__Work to complete__. One range is to be output from the listing below, exactly as written: the line with "Photo - Modern" to the line with "rear shock absorber gas.twin tube", both kept.

__Dataset records__.
....

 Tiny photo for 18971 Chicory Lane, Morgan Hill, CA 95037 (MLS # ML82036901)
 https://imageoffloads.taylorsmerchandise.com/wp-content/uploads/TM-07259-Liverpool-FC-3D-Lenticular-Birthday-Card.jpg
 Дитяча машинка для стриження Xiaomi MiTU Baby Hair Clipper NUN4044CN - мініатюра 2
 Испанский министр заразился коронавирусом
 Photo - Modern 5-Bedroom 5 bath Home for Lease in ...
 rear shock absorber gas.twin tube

....

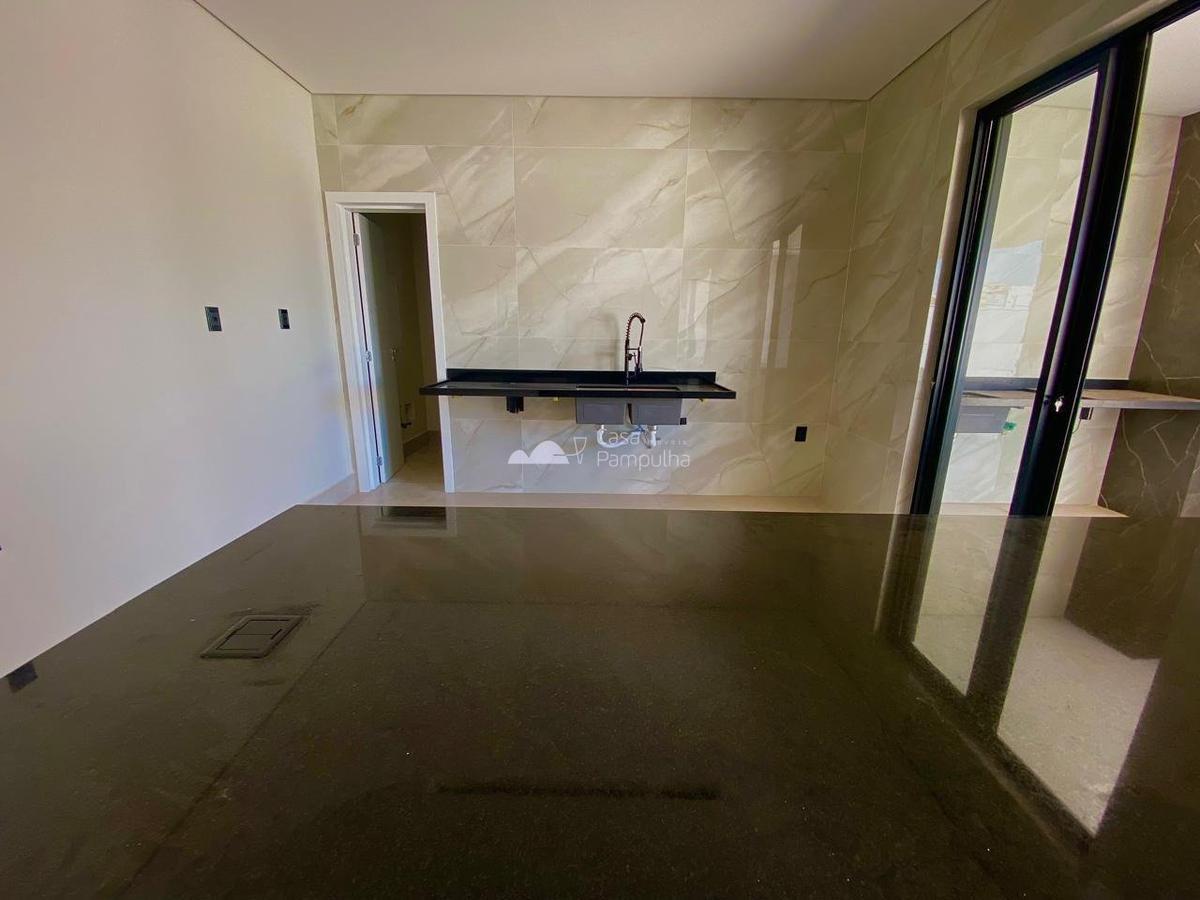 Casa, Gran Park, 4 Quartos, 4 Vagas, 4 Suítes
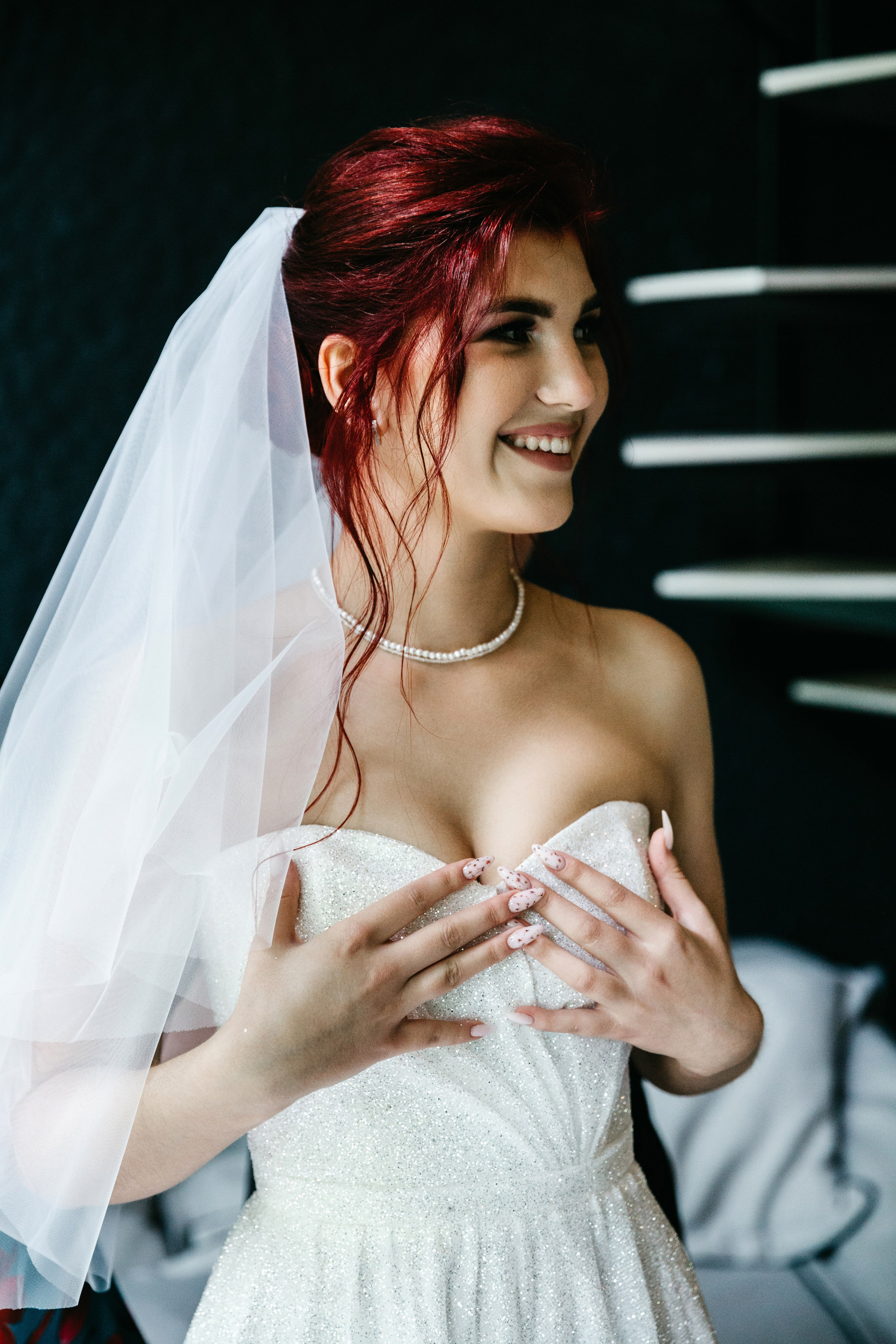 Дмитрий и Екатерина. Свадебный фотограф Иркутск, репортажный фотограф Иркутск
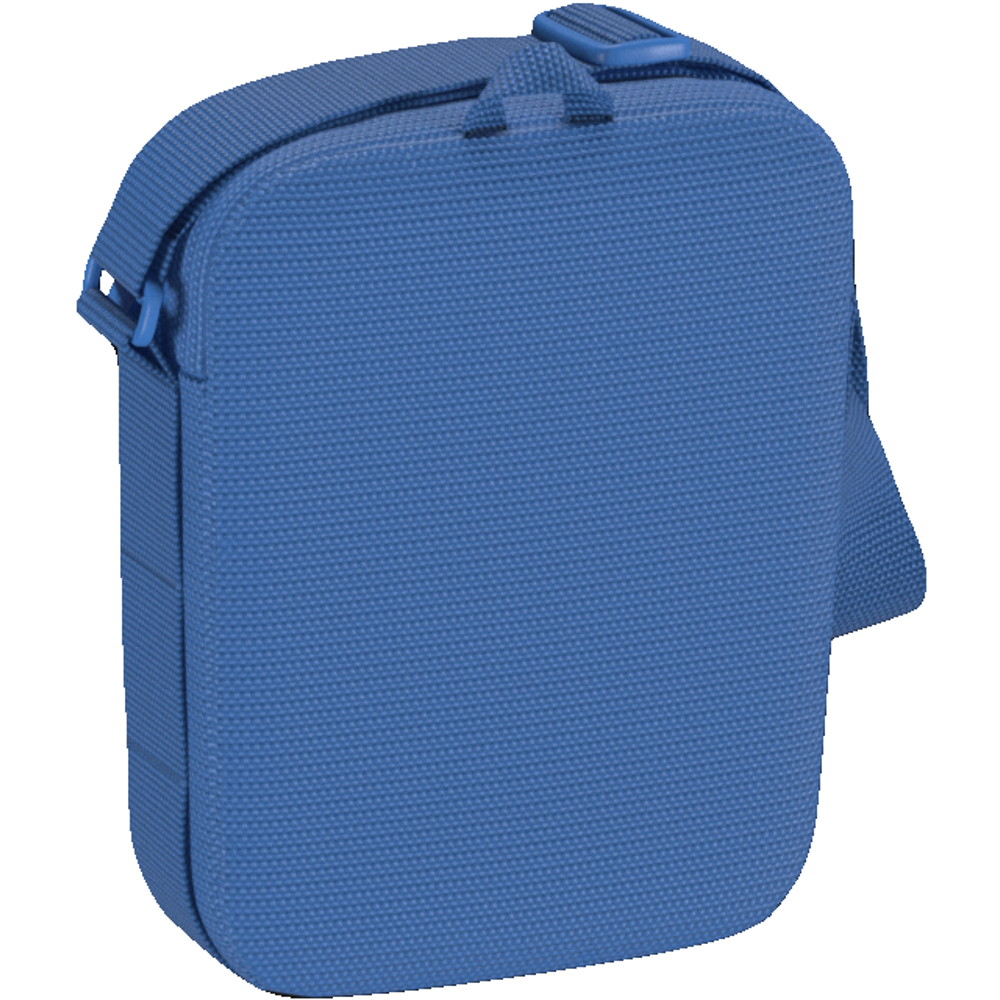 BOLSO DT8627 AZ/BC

....

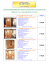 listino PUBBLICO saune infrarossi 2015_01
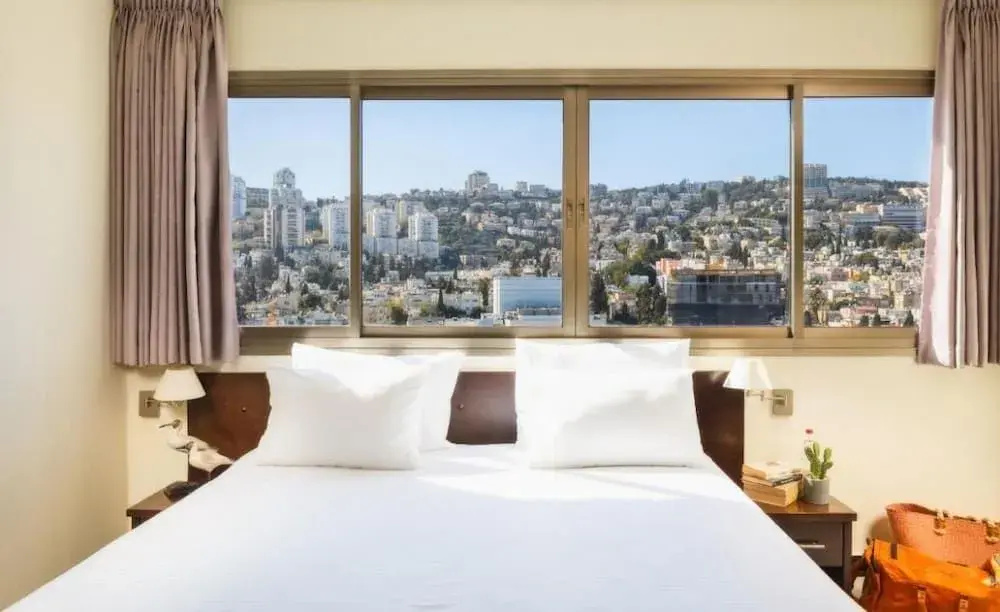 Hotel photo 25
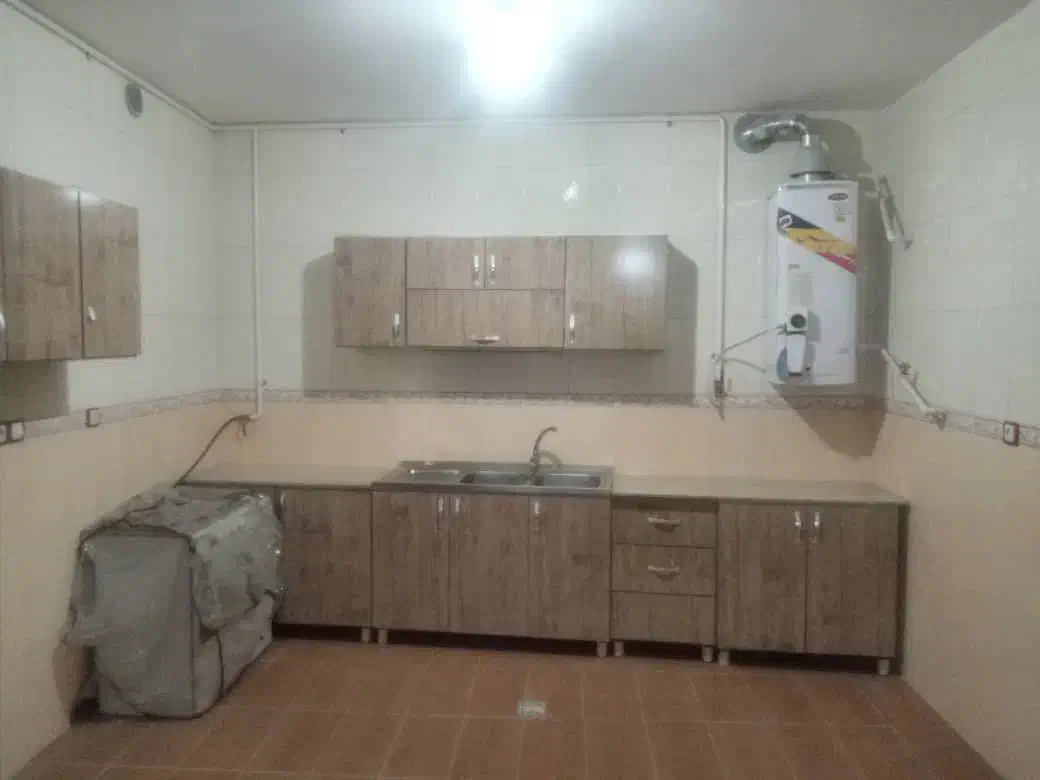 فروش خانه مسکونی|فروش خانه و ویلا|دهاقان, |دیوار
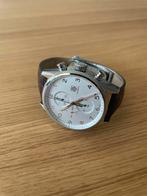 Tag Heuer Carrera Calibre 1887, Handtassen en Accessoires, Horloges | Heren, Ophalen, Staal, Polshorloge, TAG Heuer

....

__Exercise answer__.
 Photo - Modern 5-Bedroom 5 bath Home for Lease in ...
 rear shock absorber gas.twin tube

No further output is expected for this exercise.